__Work request__: Copy the records below exactly, starting at the line that contains "Now I know some" and ending at the line that contains "How does an"; leave out any pictures.

__Dataset records__:
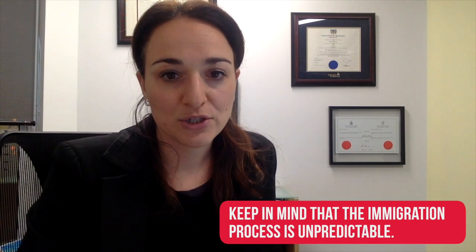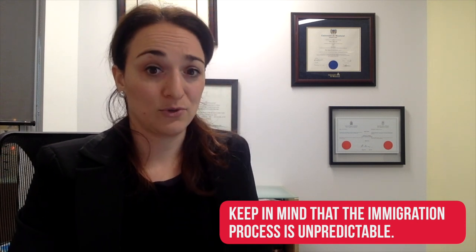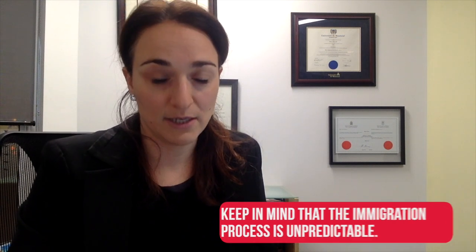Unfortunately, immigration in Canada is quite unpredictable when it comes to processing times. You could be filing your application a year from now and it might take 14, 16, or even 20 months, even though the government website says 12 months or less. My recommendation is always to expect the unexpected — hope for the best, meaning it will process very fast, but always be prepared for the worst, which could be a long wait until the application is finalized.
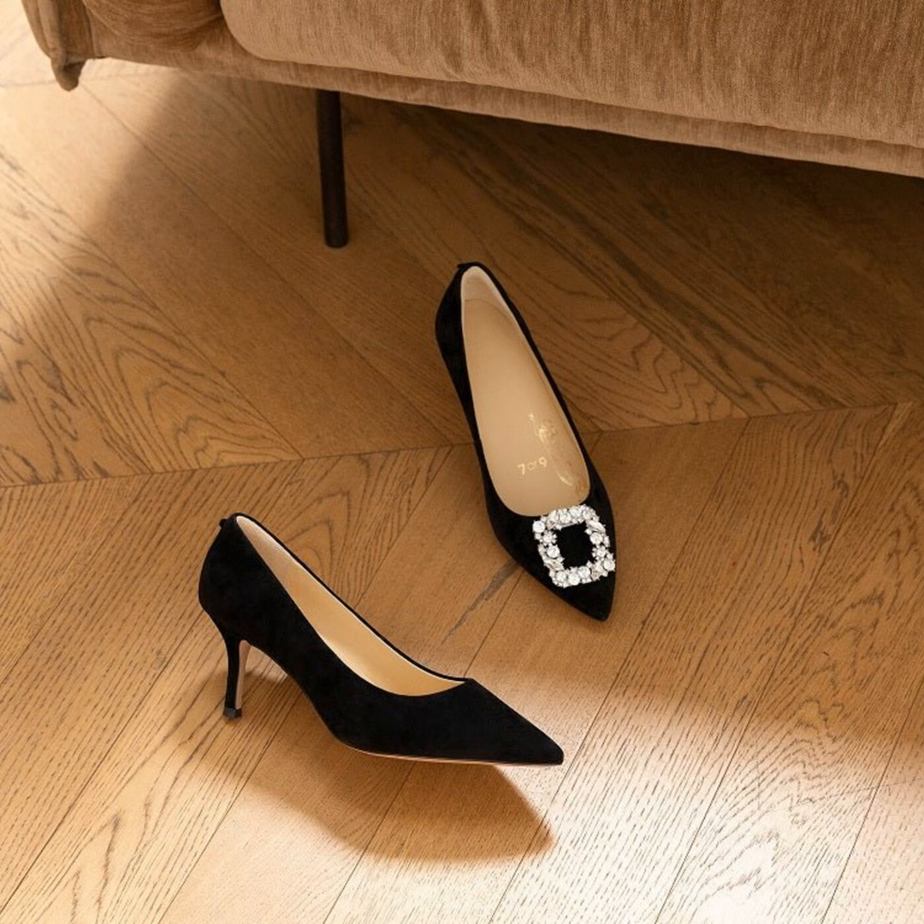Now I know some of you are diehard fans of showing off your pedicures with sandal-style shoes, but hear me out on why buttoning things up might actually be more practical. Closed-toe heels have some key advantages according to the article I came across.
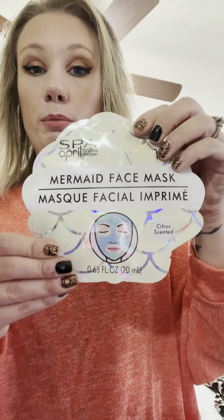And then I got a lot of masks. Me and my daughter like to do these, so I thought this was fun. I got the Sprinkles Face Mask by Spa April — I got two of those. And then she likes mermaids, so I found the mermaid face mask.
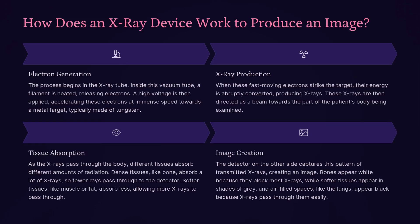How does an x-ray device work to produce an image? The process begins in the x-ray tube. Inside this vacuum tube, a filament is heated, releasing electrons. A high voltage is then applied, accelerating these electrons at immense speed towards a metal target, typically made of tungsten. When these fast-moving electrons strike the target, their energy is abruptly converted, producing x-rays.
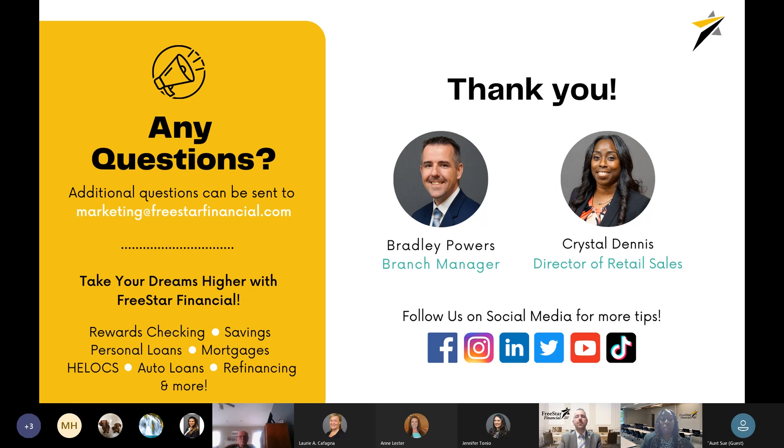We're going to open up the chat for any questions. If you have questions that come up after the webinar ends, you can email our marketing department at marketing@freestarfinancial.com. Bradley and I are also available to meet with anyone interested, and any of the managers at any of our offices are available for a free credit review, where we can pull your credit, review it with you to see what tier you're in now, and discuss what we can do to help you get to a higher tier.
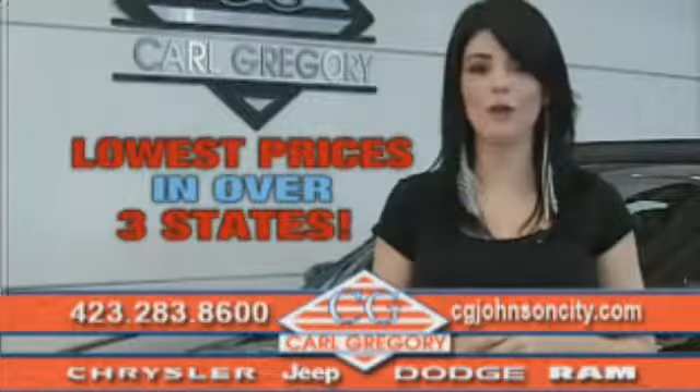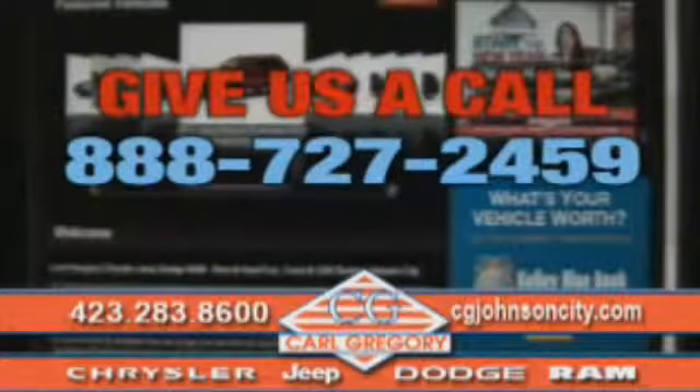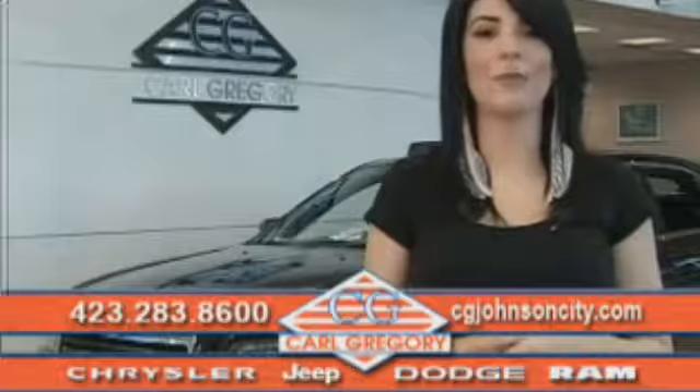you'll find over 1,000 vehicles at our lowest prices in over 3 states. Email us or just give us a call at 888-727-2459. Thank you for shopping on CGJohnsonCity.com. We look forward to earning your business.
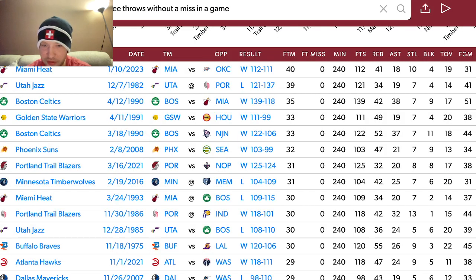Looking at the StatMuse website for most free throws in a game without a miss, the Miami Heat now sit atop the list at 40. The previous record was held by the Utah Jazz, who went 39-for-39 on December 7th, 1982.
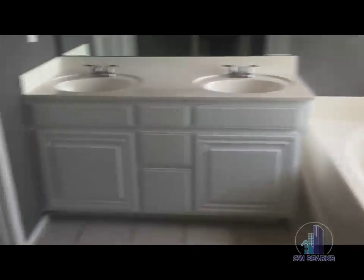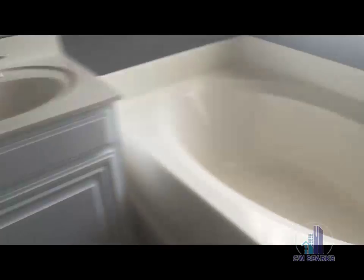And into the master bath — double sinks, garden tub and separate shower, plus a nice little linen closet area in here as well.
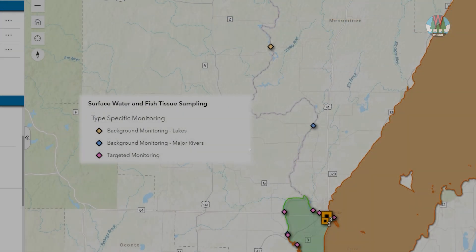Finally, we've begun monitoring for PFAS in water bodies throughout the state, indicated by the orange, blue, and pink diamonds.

__Solution to this exercise__:
Now I know some of you are diehard fans of showing off your pedicures with sandal-style shoes, but hear me out on why buttoning things up might actually be more practical. Closed-toe heels have some key advantages according to the article I came across.
And then I got a lot of masks. Me and my daughter like to do these, so I thought this was fun. I got the Sprinkles Face Mask by Spa April — I got two of those. And then she likes mermaids, so I found the mermaid face mask.
How does an x-ray device work to produce an image? The process begins in the x-ray tube. Inside this vacuum tube, a filament is heated, releasing electrons. A high voltage is then applied, accelerating these electrons at immense speed towards a metal target, typically made of tungsten. When these fast-moving electrons strike the target, their energy is abruptly converted, producing x-rays.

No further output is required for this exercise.